1. Market Volatility
The biggest difference between physical precious metals and those held via indexes is simply the presence or absence of the digital market. Physical gold is stored at home or in secure depository facilities, while ETF investments are purely executed via digital trading platforms and stored virtually. While the convenience of being able to trade almost instantaneously may be appealing, a precious metals index is still very susceptible to market volatility.
This volatility is magnified by the ability of the gold ETF to engage in leveraging, which means that ETF’s do not hold every ounce of gold that their funds trades upon. Not holding the physical gold leaves the funds highly susceptible to even the smallest of downward movements in the market. In contrast, holding physical assets, such as gold bars, historically acts as a hedge against major market turbulence (i.e. the 2008 stock market crash).

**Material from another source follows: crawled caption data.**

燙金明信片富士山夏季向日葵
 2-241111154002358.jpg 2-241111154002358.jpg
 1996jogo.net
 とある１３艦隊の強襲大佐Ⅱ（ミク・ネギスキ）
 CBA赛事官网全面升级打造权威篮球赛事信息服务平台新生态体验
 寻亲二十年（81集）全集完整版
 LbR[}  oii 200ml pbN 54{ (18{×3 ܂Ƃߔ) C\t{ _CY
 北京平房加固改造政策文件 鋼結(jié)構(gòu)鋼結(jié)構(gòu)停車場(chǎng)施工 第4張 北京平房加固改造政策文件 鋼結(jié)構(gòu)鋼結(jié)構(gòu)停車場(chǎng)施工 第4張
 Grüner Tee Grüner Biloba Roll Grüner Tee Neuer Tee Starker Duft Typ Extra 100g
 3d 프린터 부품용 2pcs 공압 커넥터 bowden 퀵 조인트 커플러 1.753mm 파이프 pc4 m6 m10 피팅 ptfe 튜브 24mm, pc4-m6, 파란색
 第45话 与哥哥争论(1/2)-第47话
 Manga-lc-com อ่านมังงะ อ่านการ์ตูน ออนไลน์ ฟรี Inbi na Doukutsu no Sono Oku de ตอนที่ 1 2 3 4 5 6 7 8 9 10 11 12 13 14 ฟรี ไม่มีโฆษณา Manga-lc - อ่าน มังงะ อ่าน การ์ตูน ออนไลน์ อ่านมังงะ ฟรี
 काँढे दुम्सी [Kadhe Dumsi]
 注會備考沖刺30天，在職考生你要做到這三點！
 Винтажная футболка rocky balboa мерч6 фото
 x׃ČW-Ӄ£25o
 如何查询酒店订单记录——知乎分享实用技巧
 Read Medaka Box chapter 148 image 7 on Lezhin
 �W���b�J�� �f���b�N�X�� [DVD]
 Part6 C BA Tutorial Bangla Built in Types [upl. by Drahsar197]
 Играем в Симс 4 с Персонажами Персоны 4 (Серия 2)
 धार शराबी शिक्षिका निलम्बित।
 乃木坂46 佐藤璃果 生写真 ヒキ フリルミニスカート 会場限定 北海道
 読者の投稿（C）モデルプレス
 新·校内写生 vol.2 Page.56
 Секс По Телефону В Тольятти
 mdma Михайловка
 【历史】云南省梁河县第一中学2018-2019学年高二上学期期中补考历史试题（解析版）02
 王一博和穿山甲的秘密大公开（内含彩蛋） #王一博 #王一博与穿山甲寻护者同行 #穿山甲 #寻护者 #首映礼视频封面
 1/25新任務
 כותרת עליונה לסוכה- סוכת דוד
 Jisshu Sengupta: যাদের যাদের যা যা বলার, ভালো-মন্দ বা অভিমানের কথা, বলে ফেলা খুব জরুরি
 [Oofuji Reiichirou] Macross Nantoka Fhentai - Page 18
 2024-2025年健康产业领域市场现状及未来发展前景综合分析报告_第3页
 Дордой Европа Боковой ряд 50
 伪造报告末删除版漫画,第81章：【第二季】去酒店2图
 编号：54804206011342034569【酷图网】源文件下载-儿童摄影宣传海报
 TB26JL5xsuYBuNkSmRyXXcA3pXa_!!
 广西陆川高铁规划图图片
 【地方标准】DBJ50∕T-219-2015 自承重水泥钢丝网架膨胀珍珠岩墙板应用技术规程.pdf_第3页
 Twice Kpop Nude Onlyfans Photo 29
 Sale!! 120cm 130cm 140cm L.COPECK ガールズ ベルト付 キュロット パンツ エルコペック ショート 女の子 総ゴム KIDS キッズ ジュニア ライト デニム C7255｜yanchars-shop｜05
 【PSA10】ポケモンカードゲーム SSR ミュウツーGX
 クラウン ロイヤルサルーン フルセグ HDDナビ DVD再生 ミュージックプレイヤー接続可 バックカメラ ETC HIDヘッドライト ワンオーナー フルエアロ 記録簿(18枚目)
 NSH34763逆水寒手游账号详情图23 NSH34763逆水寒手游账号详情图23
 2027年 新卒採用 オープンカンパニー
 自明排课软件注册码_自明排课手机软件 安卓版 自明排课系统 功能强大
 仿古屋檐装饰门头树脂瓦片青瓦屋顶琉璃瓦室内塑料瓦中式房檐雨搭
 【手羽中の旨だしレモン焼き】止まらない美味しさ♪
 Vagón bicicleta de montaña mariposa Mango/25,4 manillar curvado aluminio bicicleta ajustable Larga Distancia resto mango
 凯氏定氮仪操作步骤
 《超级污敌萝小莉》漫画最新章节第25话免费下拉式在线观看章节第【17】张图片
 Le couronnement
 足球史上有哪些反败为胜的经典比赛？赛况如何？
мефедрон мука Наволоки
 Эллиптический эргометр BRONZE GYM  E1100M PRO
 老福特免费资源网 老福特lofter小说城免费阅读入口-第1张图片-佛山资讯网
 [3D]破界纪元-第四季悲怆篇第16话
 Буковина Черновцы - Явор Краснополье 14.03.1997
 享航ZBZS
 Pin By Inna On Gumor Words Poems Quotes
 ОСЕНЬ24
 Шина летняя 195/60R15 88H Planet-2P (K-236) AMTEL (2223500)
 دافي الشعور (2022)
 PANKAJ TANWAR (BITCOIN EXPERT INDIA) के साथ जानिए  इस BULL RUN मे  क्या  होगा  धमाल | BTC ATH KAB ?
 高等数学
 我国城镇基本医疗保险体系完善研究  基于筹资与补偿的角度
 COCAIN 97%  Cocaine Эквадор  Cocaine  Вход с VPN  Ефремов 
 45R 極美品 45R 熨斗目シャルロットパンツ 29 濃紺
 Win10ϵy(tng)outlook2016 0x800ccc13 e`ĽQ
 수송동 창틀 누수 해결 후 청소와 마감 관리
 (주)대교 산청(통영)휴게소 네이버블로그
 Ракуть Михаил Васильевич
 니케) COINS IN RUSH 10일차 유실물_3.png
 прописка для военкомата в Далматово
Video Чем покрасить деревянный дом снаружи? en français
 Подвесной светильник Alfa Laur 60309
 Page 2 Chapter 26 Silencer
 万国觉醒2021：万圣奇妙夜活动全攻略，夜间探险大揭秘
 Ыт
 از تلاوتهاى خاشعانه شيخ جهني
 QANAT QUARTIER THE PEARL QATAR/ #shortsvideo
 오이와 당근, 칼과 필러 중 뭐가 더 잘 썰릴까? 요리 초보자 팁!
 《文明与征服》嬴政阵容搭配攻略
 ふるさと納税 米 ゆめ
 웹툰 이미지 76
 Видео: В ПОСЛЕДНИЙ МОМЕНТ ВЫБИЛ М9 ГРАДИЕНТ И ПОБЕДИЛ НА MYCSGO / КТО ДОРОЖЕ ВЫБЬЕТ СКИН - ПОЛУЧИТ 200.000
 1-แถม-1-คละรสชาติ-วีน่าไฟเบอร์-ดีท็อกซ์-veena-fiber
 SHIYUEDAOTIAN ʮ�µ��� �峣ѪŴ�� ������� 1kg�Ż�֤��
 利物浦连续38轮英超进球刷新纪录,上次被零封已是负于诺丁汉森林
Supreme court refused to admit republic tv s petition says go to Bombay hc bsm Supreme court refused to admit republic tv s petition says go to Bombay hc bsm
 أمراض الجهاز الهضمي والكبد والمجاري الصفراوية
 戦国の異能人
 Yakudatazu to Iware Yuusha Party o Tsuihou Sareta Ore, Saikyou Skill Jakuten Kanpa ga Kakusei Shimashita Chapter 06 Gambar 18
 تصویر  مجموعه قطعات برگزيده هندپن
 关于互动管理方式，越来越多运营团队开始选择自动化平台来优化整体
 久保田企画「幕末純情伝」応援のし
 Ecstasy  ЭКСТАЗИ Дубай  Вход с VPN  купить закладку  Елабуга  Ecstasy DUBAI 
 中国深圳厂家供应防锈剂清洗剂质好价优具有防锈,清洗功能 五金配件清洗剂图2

2. Fund Manager vs. Supply and Demand
The value of gold, while typically universal, can be affected based on the form an investor chooses to hold it in. The value of physical metals is generally determined based on global supply and demand. For example, if China builds more solar panels utilizing silver components, the higher we see the price of silver climb.
A precious metal index on the other hand has additional factors that play into the value and ROI an investor receives. A mutual fund or ETF is going to hold a variety of precious metal investments, all affected by market movements and supply and demand. Fund managers determine which assets are included and excluded daily in a gold ETF and could have a significant impact in the fund's results.
3. Disaster Preparedness
Whether it’s a stock market crash, war or a natural disaster, there is one advantage physical assets can provide that indexes cannot – financial security. While devastating to imagine, the reality of our financial assets being rendered inaccessible or, god forbid, wiped out, is very possible. When digital assets are unavailable, physical assets provide a way to access and store wealth.
Depending on an investor’s goals the main differences between physical precious metals and indexes should be evaluated and considered closely. For investors looking to secure long-term financial security and work toward a healthy retirement, physical precious metal assets are the path to consider.